- _YOUR GOAL_
The answer must restate the listing word for word, without its images.

- _DATASET CONTENT_

____

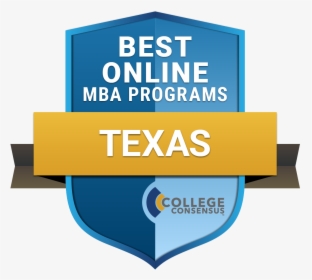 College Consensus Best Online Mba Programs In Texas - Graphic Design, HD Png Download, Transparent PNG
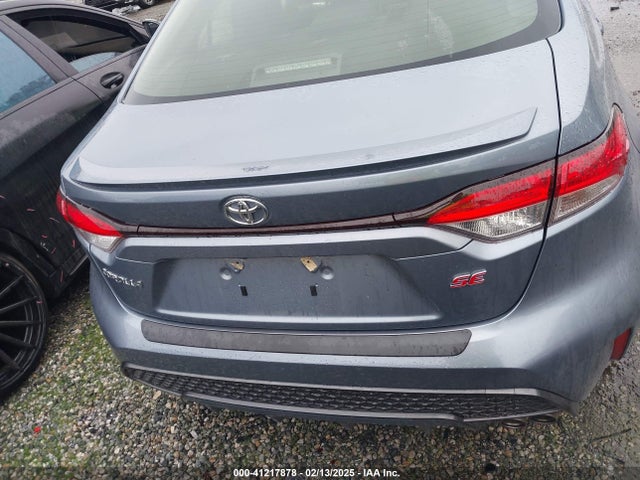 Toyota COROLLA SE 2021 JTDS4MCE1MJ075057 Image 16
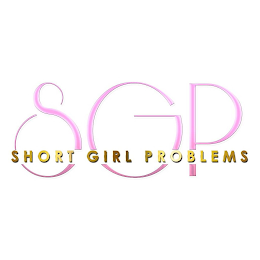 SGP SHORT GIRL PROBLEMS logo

____

- _WRITTEN SOLUTION_
 College Consensus Best Online Mba Programs In Texas - Graphic Design, HD Png Download, Transparent PNG
 Toyota COROLLA SE 2021 JTDS4MCE1MJ075057 Image 16
 SGP SHORT GIRL PROBLEMS logo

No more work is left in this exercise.